What to do about this state of affairs? It is hard to know how to begin to convince analytic philosophy departments that they ought to have someone dedicated to this important subfield, though I hope the remarks at the beginning of this essay are a step in that direction. The fact that the top two analytic departments in the U.S. (N.Y.U. and Rutgers) have recently hired aestheticians gives me hope that their move will inspire other departments to do the same. More worrisome, nevertheless, are the recent deaths of three renowned aestheticians: Arthur Danto, Lee Brown, and Ted Cohen. Danto’s post was filled long ago by Lydia Goehr when he retired. Will Brown’s and Cohen’s positions be filled also, or will they vanish into thin air? Some of the most prominent names in American analytic aesthetics today—Kendall Walton, Peter Kivy, Jenefer Robinson, Noël Carroll, Jerrold Levinson—have either retired or are likely to do so in near future.

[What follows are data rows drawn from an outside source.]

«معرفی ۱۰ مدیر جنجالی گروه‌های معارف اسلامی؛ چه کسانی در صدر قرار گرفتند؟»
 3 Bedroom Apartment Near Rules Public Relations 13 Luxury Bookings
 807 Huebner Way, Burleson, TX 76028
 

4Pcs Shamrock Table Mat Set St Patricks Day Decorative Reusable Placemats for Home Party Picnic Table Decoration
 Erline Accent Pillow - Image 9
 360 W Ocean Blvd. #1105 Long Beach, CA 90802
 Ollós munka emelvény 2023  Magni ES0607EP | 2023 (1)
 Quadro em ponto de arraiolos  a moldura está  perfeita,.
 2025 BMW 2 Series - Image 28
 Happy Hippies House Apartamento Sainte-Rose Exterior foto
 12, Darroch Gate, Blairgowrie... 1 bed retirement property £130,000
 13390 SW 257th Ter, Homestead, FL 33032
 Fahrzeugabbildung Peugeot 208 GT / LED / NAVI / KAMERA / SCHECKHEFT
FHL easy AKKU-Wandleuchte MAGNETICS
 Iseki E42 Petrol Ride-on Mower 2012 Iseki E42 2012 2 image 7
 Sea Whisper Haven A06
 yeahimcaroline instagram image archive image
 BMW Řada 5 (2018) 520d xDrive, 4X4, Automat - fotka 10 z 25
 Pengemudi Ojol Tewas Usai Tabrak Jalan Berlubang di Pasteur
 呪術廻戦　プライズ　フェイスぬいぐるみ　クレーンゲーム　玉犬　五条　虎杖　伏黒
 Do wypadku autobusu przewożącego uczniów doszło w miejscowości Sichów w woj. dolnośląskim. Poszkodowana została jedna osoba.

Will their positions be filled again, or will the general trend in American universities to decrease the number of tenure-track positions in favor of temporary ones manifest itself here? That would be an awful blow to aesthetics, to philosophy, and to our understanding of ourselves. There is so much yet to explore in our field, so many answers yet to be debated, so many questions not yet raised or even fathomed. I offer this as a call for reflection to American analytic departments. I look forward to reading your thoughts, if any, on this issue in the comments section below.
**Christy Note: The numbers according to my rough calculations paint an even bleaker picture than those provided by Anna: I put the number of Aestheticians (faculty with Aesthetics as their primary research speciality) amongst faculty within Leiter Top 50 programs at 1 in 70.